Almost every non-financial brand that I started to engage with over the past ~2 months is a vertical SaaS company. While the concept of vertical SaaS is in Europe still at the beginning, in markets like the US it is the norm.
Initially, when software-as-a-service providers became popular, almost all of them were horizontal. This means they develop a SaaS offering around a service (let’s say bookkeeping) and offer it to a wide range of customers (for example, from software developers to window cleaners). The founders of a vertical SaaS company, on the other hand, start with the customer segment (let’s say veterinarians) and build products and features for them (not just bookkeeping but also appointment booking, invoicing and so on).
Vertical SaaS companies tend to approach embedded finance much faster than horizontal SaaS. This makes a lot of sense if you understand that vertical SaaS means a lot of different services but for one target group.
In the past few weeks, I read A16Z’s “Vertical SaaS: Now with AI inside” (see image), “The Verticalization of Everything” by Pete Flint from NfX, and Matt Brown’s newly published Vertical Software provider overview.

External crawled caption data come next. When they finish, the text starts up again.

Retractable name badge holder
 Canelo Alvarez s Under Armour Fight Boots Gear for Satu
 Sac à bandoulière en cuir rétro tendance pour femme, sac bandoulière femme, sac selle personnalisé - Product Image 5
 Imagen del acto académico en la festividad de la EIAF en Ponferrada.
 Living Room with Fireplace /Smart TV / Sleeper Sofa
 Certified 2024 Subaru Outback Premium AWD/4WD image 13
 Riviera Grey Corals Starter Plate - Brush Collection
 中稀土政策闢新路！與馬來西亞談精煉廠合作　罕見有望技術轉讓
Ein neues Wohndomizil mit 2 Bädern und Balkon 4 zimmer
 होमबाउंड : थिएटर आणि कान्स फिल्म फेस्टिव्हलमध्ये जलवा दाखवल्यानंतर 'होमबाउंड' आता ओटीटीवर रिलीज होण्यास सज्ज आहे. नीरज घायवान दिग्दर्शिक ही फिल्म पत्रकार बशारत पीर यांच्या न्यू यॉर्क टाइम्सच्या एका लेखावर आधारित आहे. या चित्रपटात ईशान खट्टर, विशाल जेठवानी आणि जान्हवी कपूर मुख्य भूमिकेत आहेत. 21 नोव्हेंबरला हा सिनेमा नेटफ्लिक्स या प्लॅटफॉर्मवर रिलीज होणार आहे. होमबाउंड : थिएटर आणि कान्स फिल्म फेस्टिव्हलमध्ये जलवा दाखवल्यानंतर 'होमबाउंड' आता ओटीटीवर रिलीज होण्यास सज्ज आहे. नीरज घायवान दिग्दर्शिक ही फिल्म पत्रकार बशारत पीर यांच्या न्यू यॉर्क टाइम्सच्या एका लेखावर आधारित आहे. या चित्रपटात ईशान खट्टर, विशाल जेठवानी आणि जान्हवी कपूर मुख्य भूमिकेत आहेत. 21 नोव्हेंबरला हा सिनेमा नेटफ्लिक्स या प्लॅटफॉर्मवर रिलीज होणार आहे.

My personal take away is that customer’s trust and access to them will become the new gold. In the old days, we went to a bank because only they could offer banking services, and the same applied to insurances, schools and everything else. With embedded finance, we are seeing how entry barriers are being removed and any company can offer financial services. And the same happens with the insurance, education or media industry in one way or another. You can probably not combine anything with everything. But industry barriers don’t matter so much more, many services are available via APIs. Perhaps this means as a founder you can build anything, the question is for whom and why you.